Quelques exemples de massacres qui relèvent d'un génocide :


1.1. L'Arménie  ( 1878 - 1916 )


                       
    source :     Christian de Stepanian   membre de la solidarité Franco-Arménienne


               

L'Arménie, ( six provinces d'Anatolie orientale ), est sous la domination Ottomane depuis le 16ème siècle.

C'est une enclave minoritaire chrétienne qui subit des impôts spéciaux, l'interdiction du port d'armes, l'interdiction de témoigner devant les tribunaux.


L'empire Ottoman est en pleine expansion. Il occupe le Maghreb, quelques régions d'Europe et du Moyen Orient.

Cette expansion inquiète et irrite les pays d'Europe.


La Russie tente de démembrer cet empire par le Nord et tente d'annexer une partie de l'Arménie.

Les pays d'Europe imposent à l'empire ottoman des réformes constitutionnelles pour garantir la sécurité des sujets non musulmans. Le sultan Abdul Medjed n'a jamais appliqué ces réformes.


Le 29.03. 1913 . l'Arménie se dote d'une constitution nationale s'érigeant en nation au sein de l'empire ottoman.

1878: guerre russo-turque . Le traité prévoit le retrait des troupes russes des provinces arméniennes s'il y a application des réformes.


Traité de Berlin, (juillet 78), Abdul Hamid II s'engage à appliquer les réformes et à garantir la sécurité de l'Arménie, notamment contre les Circassiens et les Kurdes.

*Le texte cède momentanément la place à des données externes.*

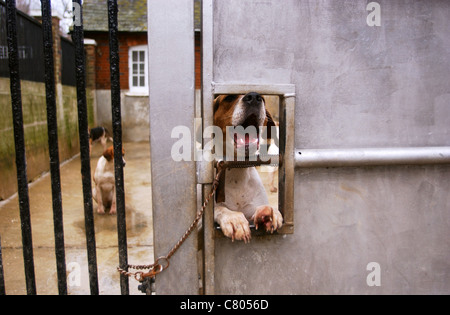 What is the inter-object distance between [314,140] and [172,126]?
627 millimetres

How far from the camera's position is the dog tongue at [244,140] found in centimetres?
216

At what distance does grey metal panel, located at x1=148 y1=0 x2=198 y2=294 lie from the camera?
1439 mm

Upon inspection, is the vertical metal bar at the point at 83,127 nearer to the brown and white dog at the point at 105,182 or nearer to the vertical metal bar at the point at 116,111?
the vertical metal bar at the point at 116,111

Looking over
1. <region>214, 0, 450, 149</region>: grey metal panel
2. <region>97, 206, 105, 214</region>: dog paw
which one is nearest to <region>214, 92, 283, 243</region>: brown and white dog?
<region>214, 0, 450, 149</region>: grey metal panel

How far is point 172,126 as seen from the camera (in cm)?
150

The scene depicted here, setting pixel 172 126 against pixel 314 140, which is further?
pixel 314 140

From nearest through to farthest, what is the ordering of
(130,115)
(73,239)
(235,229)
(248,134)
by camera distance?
(235,229)
(248,134)
(73,239)
(130,115)

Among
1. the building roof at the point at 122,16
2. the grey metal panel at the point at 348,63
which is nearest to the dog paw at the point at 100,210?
the grey metal panel at the point at 348,63

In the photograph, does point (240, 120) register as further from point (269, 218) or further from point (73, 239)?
point (73, 239)

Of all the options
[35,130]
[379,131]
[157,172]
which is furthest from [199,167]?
[35,130]

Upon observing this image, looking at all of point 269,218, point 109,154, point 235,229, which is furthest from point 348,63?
point 109,154

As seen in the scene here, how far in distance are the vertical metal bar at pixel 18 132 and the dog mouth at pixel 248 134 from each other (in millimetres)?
1114

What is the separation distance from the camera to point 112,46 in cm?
153

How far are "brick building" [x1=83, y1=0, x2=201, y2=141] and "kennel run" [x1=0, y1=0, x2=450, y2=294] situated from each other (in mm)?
12331
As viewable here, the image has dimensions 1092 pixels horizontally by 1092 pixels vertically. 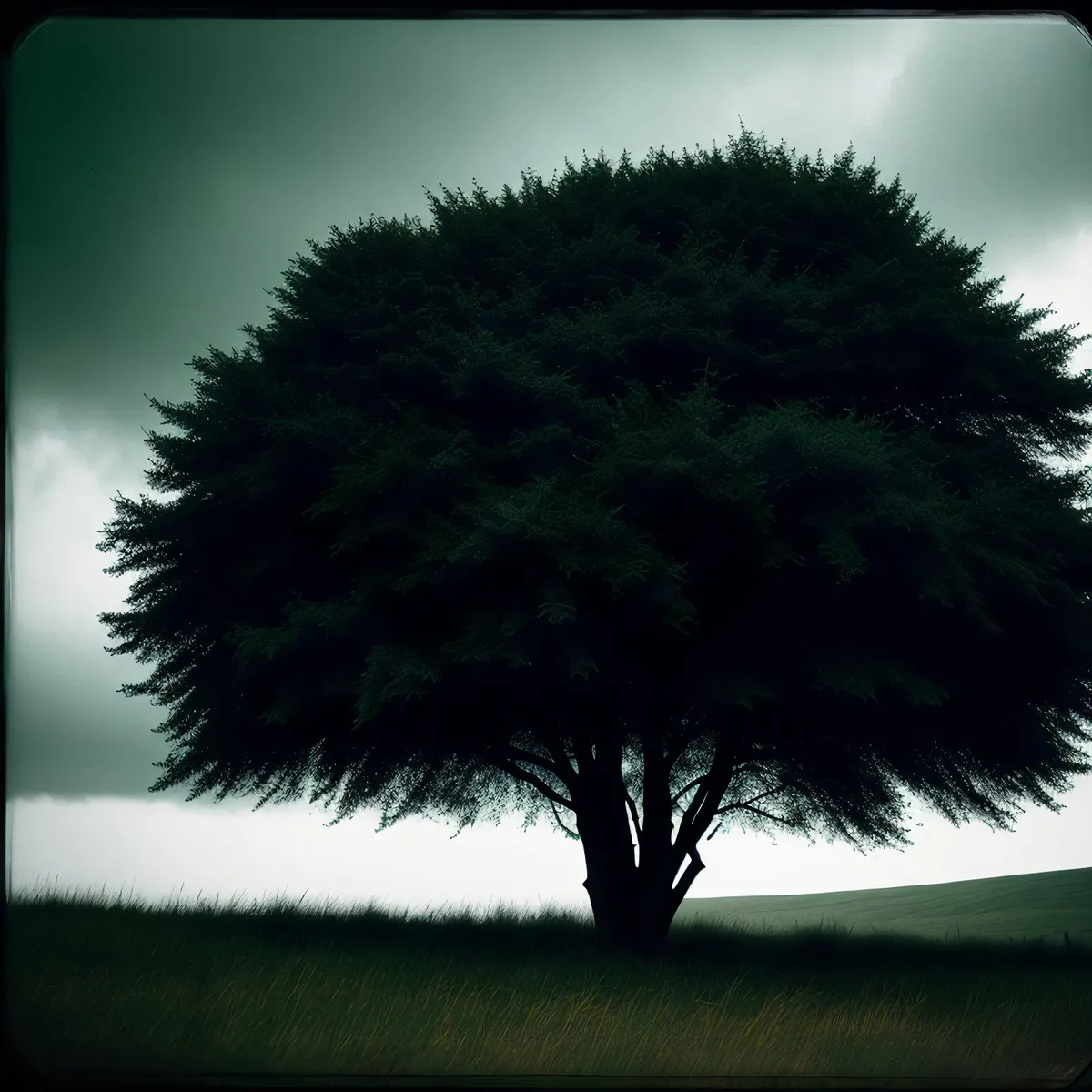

Abdul Hamid II ne tient pas ses engagements et va jusqu'à introduire des Circassiens et des Kurdes dans les provinces arméniennes pour saper l'unité arménienne. Il fait intervenir des "mercenaires" kurdes pour semer la terreur.


Les Arméniens s'organisent: mise en place d'une résistance, développement du  nationalisme et d'une renaissance culturelle. Constitution d'une branche révolutionnaire qui réclame l'application de l'article 61 du traité de Berlin.

Les Arméniens se révoltent et refusent de payer un impôt aux irréguliers kurdes. Répression - > 5 000 morts.


Les pays européens redemandent des réformes. Le sultan promulgue un décret et des mesures en faveur de l'Arménie.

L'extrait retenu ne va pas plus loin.